Collected data:
====================

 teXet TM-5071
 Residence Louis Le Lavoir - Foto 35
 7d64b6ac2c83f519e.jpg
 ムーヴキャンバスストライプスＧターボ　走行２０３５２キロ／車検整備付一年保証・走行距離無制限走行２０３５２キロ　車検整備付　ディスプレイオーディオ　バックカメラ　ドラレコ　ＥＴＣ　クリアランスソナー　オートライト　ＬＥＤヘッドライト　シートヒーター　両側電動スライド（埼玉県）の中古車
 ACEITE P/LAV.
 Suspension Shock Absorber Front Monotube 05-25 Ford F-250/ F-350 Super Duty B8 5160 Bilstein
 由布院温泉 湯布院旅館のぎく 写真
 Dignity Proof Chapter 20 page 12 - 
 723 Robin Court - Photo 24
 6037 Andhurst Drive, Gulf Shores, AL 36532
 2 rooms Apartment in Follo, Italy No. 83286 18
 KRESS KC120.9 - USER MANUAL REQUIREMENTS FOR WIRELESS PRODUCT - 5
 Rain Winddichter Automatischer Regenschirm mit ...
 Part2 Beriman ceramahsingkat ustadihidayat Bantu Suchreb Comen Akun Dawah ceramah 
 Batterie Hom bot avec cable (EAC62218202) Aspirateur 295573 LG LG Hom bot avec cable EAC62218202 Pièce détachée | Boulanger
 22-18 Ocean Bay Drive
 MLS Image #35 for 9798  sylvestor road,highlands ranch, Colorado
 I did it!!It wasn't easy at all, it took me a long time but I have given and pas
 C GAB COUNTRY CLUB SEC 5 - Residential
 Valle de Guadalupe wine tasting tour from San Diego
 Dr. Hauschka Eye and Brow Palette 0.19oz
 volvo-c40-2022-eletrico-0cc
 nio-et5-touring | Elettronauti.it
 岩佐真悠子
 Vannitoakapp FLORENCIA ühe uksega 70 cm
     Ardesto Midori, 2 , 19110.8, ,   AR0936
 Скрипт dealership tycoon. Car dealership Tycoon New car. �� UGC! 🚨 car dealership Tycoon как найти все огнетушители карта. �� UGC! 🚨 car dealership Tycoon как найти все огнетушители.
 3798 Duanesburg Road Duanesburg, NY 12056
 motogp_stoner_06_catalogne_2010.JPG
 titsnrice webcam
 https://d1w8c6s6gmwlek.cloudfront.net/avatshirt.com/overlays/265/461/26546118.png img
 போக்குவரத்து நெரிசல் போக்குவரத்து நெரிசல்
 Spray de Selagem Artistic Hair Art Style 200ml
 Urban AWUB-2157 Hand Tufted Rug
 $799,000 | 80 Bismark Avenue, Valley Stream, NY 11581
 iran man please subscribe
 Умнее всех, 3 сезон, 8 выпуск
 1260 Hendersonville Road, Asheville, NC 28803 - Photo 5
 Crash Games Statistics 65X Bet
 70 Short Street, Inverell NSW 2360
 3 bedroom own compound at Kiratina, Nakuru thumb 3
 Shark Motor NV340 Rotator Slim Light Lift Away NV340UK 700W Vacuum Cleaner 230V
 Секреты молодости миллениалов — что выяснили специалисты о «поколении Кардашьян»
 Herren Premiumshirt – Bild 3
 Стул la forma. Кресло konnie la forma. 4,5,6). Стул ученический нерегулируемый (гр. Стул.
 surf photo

====================

For this exercise, all the data must be repeated exactly.

 teXet TM-5071
 Residence Louis Le Lavoir - Foto 35
 7d64b6ac2c83f519e.jpg
 ムーヴキャンバスストライプスＧターボ　走行２０３５２キロ／車検整備付一年保証・走行距離無制限走行２０３５２キロ　車検整備付　ディスプレイオーディオ　バックカメラ　ドラレコ　ＥＴＣ　クリアランスソナー　オートライト　ＬＥＤヘッドライト　シートヒーター　両側電動スライド（埼玉県）の中古車
 ACEITE P/LAV.
 Suspension Shock Absorber Front Monotube 05-25 Ford F-250/ F-350 Super Duty B8 5160 Bilstein
 由布院温泉 湯布院旅館のぎく 写真
 Dignity Proof Chapter 20 page 12 - 
 723 Robin Court - Photo 24
 6037 Andhurst Drive, Gulf Shores, AL 36532
 2 rooms Apartment in Follo, Italy No. 83286 18
 KRESS KC120.9 - USER MANUAL REQUIREMENTS FOR WIRELESS PRODUCT - 5
 Rain Winddichter Automatischer Regenschirm mit ...
 Part2 Beriman ceramahsingkat ustadihidayat Bantu Suchreb Comen Akun Dawah ceramah 
 Batterie Hom bot avec cable (EAC62218202) Aspirateur 295573 LG LG Hom bot avec cable EAC62218202 Pièce détachée | Boulanger
 22-18 Ocean Bay Drive
 MLS Image #35 for 9798  sylvestor road,highlands ranch, Colorado
 I did it!!It wasn't easy at all, it took me a long time but I have given and pas
 C GAB COUNTRY CLUB SEC 5 - Residential
 Valle de Guadalupe wine tasting tour from San Diego
 Dr. Hauschka Eye and Brow Palette 0.19oz
 volvo-c40-2022-eletrico-0cc
 nio-et5-touring | Elettronauti.it
 岩佐真悠子
 Vannitoakapp FLORENCIA ühe uksega 70 cm
     Ardesto Midori, 2 , 19110.8, ,   AR0936
 Скрипт dealership tycoon. Car dealership Tycoon New car. �� UGC! 🚨 car dealership Tycoon как найти все огнетушители карта. �� UGC! 🚨 car dealership Tycoon как найти все огнетушители.
 3798 Duanesburg Road Duanesburg, NY 12056
 motogp_stoner_06_catalogne_2010.JPG
 titsnrice webcam
 https://d1w8c6s6gmwlek.cloudfront.net/avatshirt.com/overlays/265/461/26546118.png img
 போக்குவரத்து நெரிசல் போக்குவரத்து நெரிசல்
 Spray de Selagem Artistic Hair Art Style 200ml
 Urban AWUB-2157 Hand Tufted Rug
 $799,000 | 80 Bismark Avenue, Valley Stream, NY 11581
 iran man please subscribe
 Умнее всех, 3 сезон, 8 выпуск
 1260 Hendersonville Road, Asheville, NC 28803 - Photo 5
 Crash Games Statistics 65X Bet
 70 Short Street, Inverell NSW 2360
 3 bedroom own compound at Kiratina, Nakuru thumb 3
 Shark Motor NV340 Rotator Slim Light Lift Away NV340UK 700W Vacuum Cleaner 230V
 Секреты молодости миллениалов — что выяснили специалисты о «поколении Кардашьян»
 Herren Premiumshirt – Bild 3
 Стул la forma. Кресло konnie la forma. 4,5,6). Стул ученический нерегулируемый (гр. Стул.
 surf photo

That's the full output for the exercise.